(Data entries)
※ ※ ※
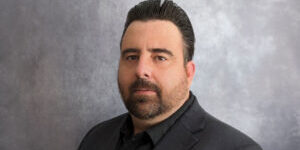 Jon-Nuss-1000x667-Featured-ImageA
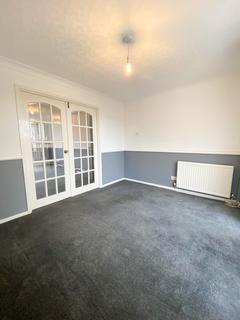 undefined, Hoghton, Preston PR5
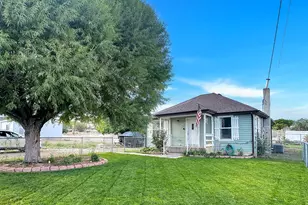 250 W Mill Rd, Ferron, UT 84523 - Photo 1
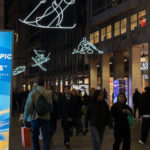 singurul iranian care urma sa participe la jocurile paralimpice a fost nevoit sa renunte 69aafa9290c65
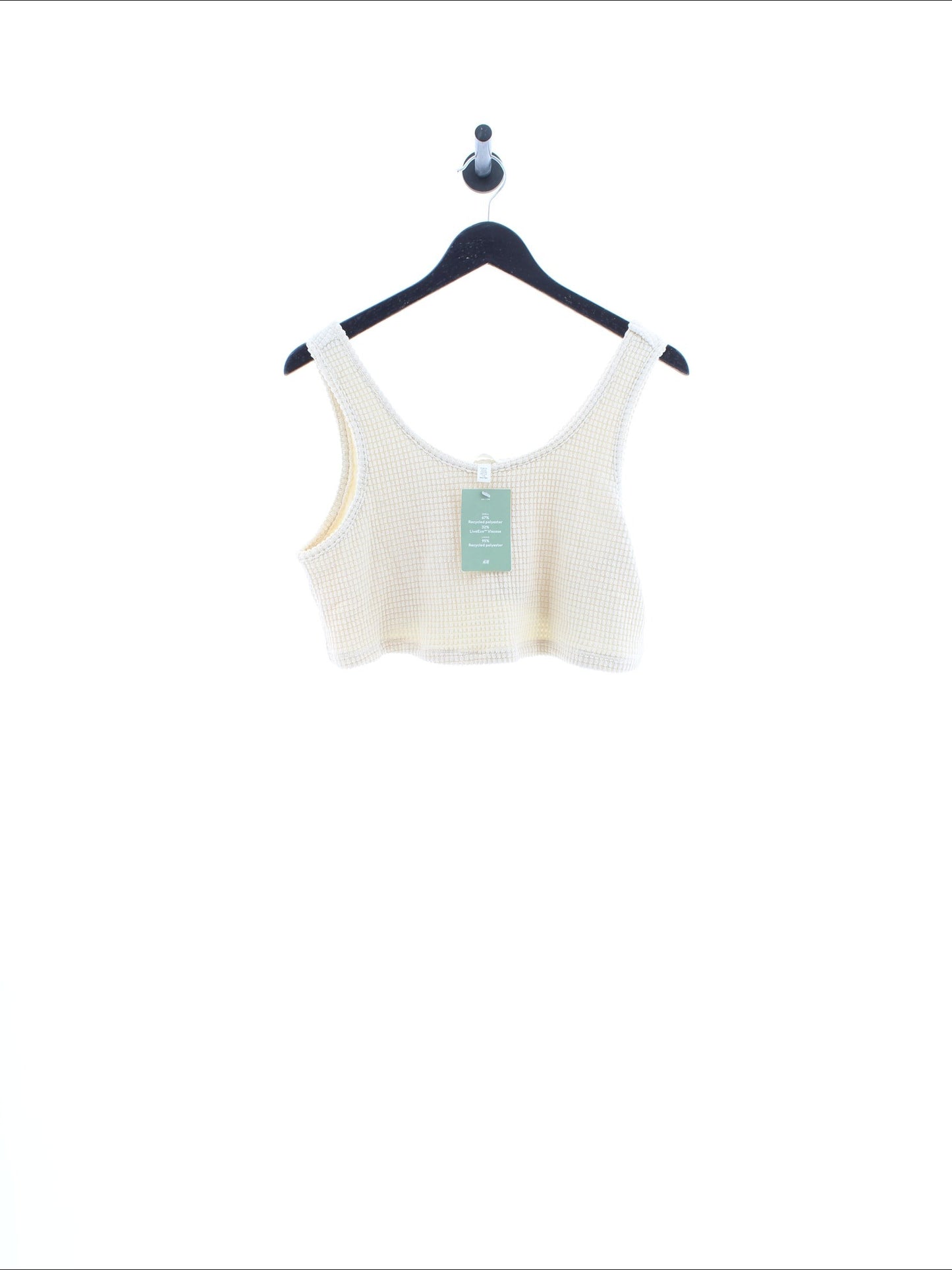 Top H&M Rozmiar: XL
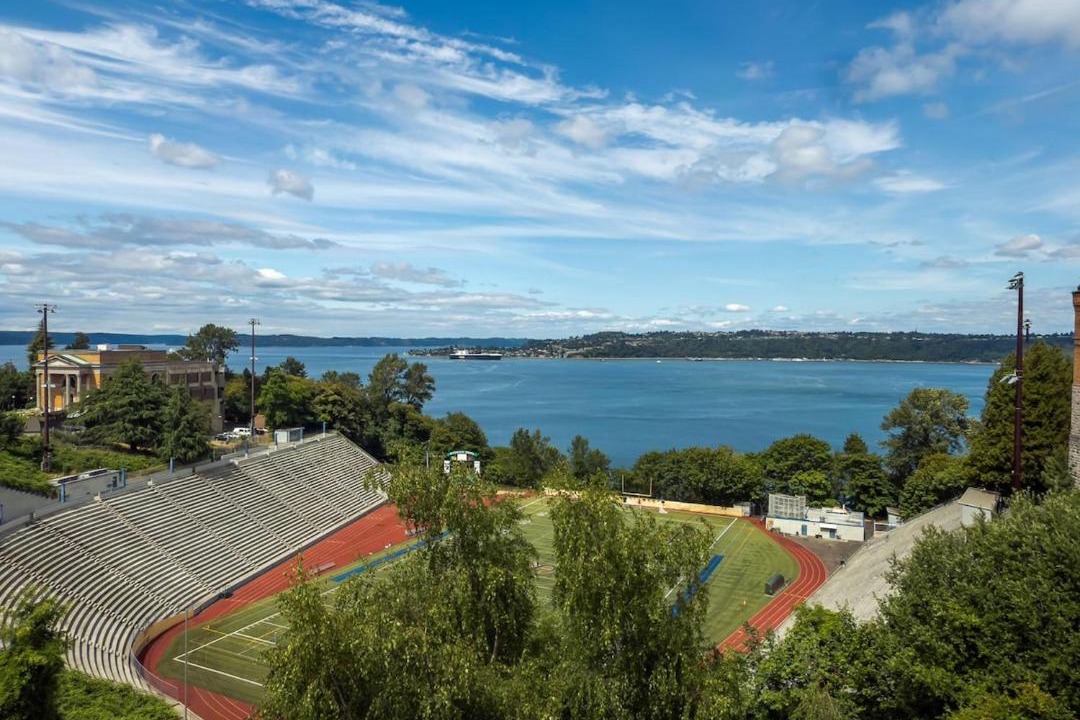 Photo of Others in New Tacoma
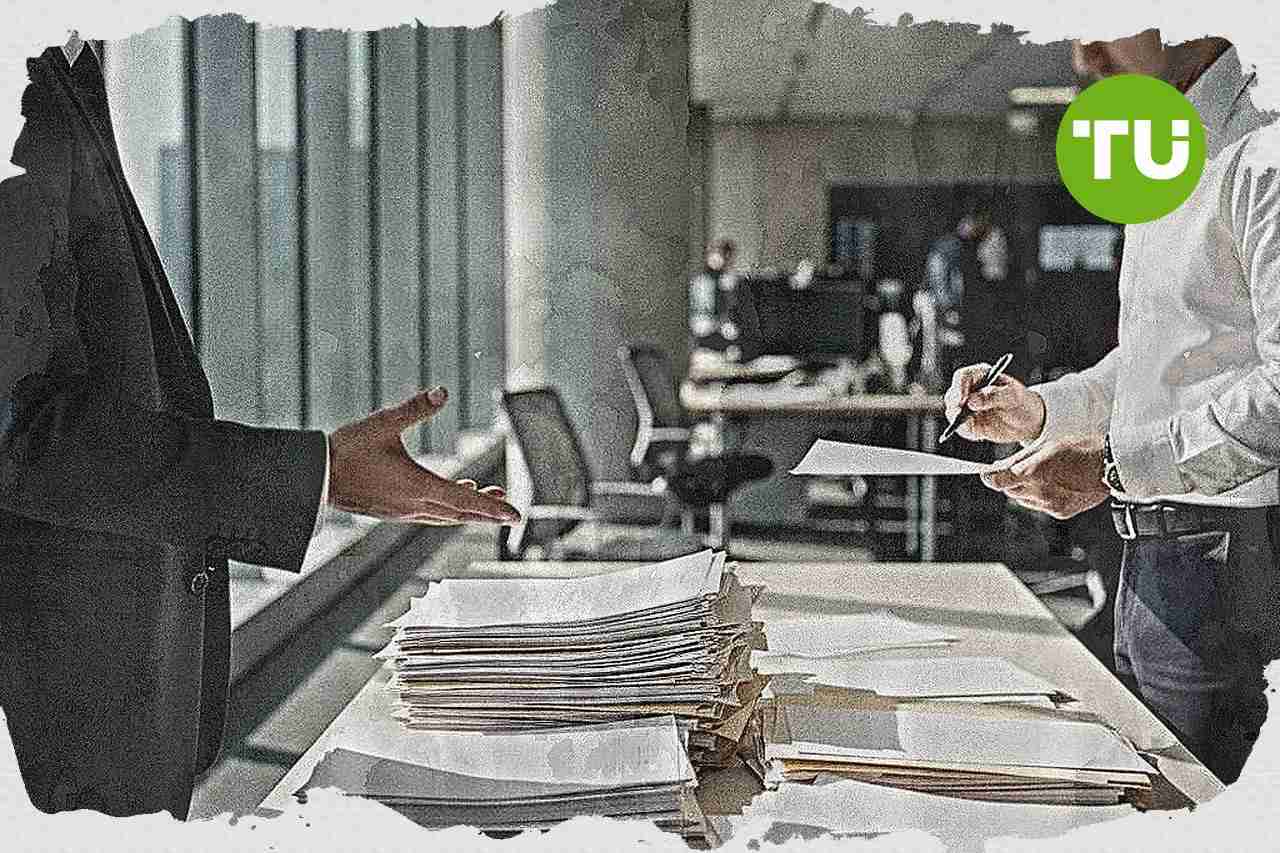 AmeriGas Partners notes rated BB by Fitch Ratings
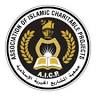 Islamic Center of Anaheim (ICA)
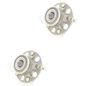 rodatech-par-de-mazas-de-rueda-traseras-c-abs-fwd-honda-accord-2003-2007-accord-v6-3-0l-l4-2-4l-0
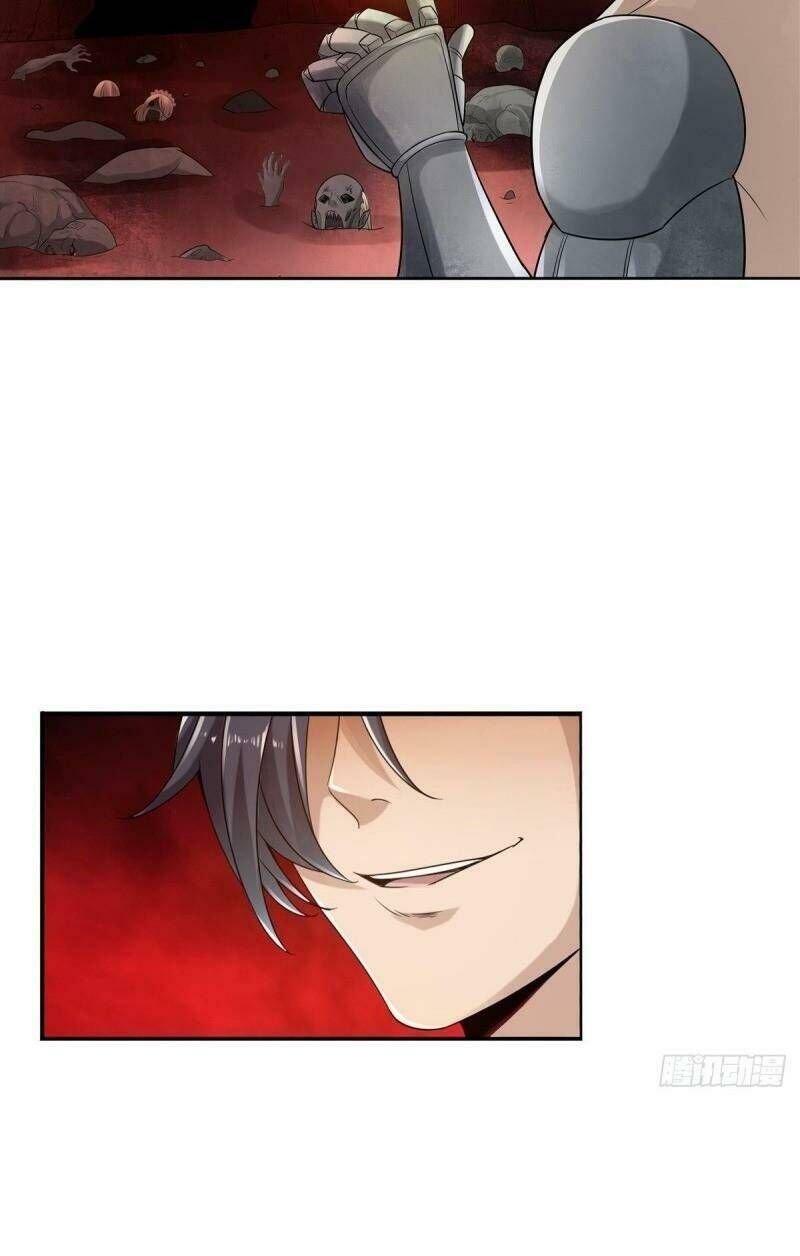 nhân vật phản diện đi tìm đường chết chapter 62 4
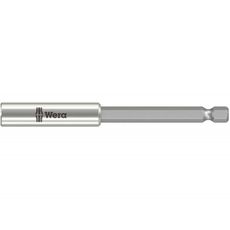 Wera 053459 Univerzálny držiak bitov s magnetom 1/4'x100 typ 899/4/1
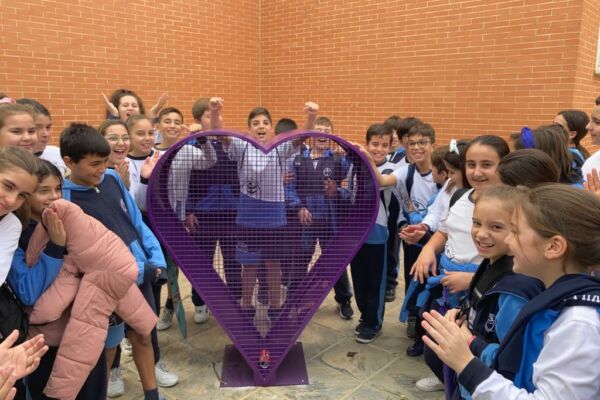 WII5c-xvMOcYlnCtx9jaGkUBJtg7xXt9CIImznigg3s=_plaintext_638058495547802684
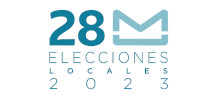 Logo Elecciones 2023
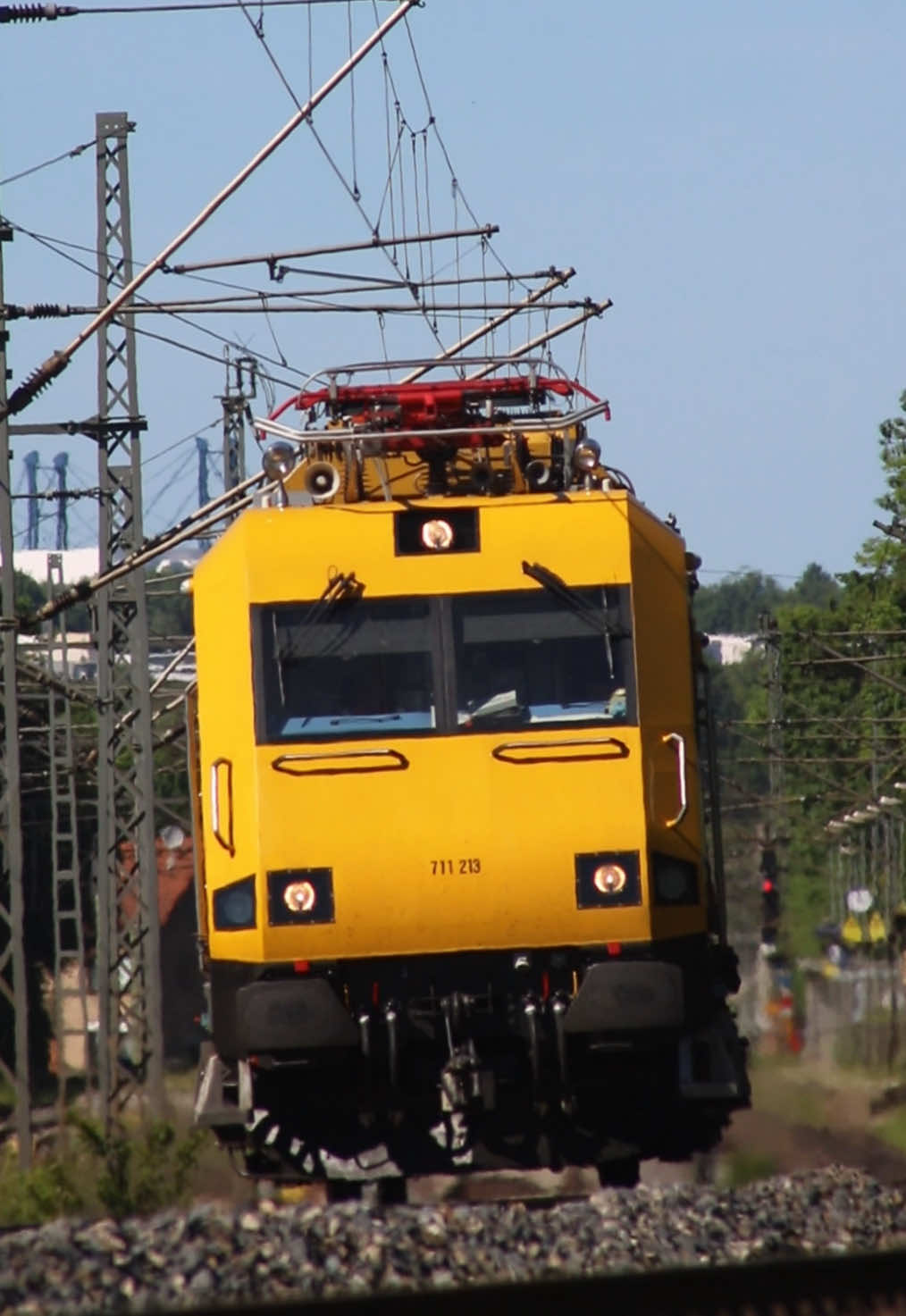 @bahnfotograf_leander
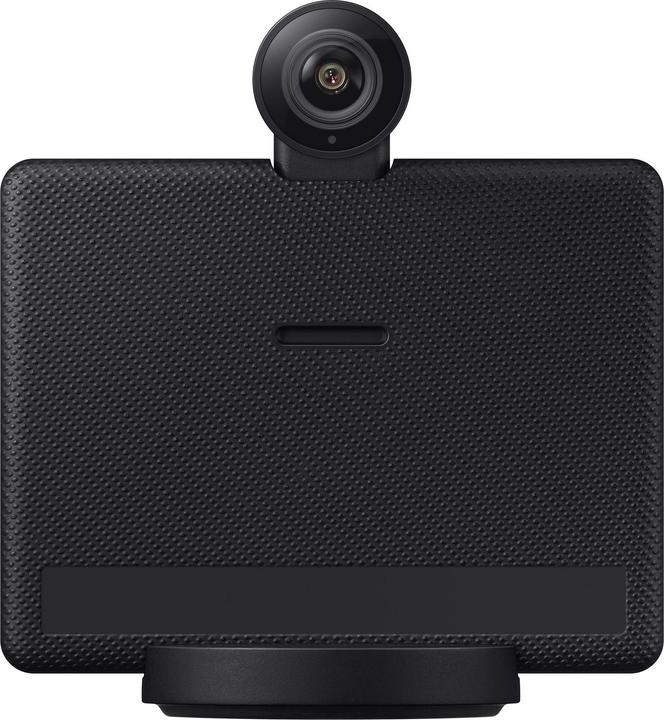 Actual product image Samsung SlimFit (5 Mpx)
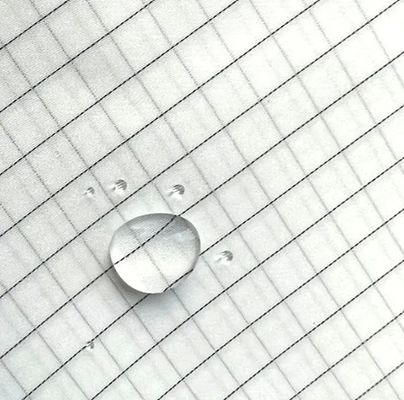 قیمت خوب PE19-1504 Antistatic Filter Bag 500 L/hr Filtration Capacity آنلاین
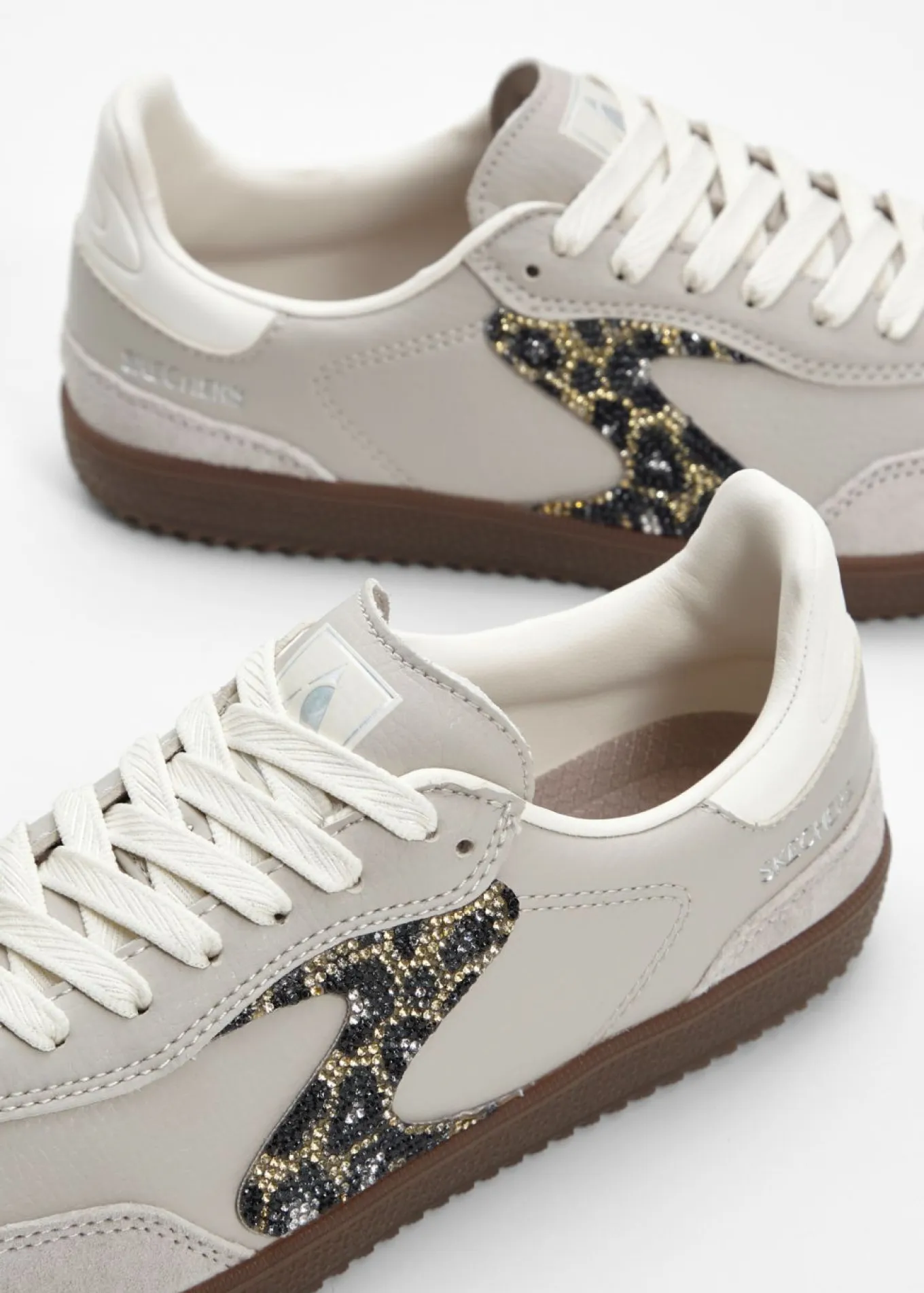 Zapatillas de Skechers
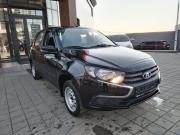 Lada (ВАЗ) Granta I Рестайлинг Краснодар  - изображение 15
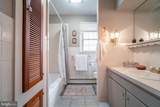 1140 Chestnut Street - Photo 31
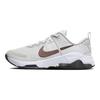 Nike Zoom Bella 6 Photon Dust Smokey Mauve Жіночі Кросівки Сірий Білий Чорний DR5720-003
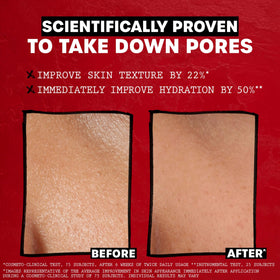THAYERS Rose Petal Toner on a bathroom shelf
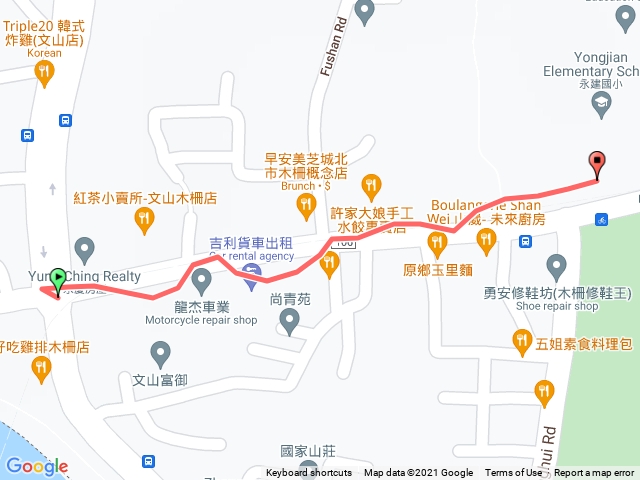 A107253052徐劭愷
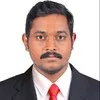 Asish Biju
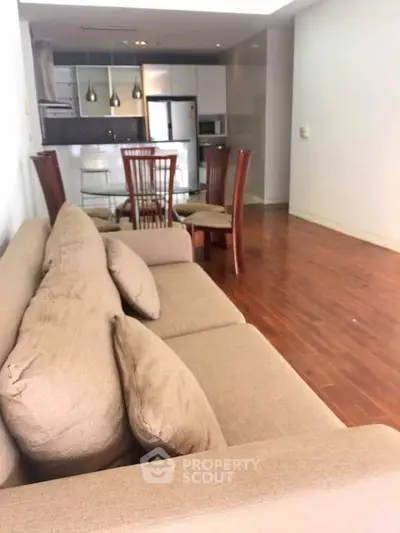 image_rental-30727327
※ ※ ※
◆ **EXERCISE DESCRIPTION**
Above, find the line holding "singurul iranian care" and the line holding "Islamic Center of Anaheim (ICA)". Print exactly those two lines and every line between them, but no pictures.

◆ **ANSWER TO THE PROBLEM**
 singurul iranian care urma sa participe la jocurile paralimpice a fost nevoit sa renunte 69aafa9290c65
 Top H&M Rozmiar: XL
 Photo of Others in New Tacoma
 AmeriGas Partners notes rated BB by Fitch Ratings
 Islamic Center of Anaheim (ICA)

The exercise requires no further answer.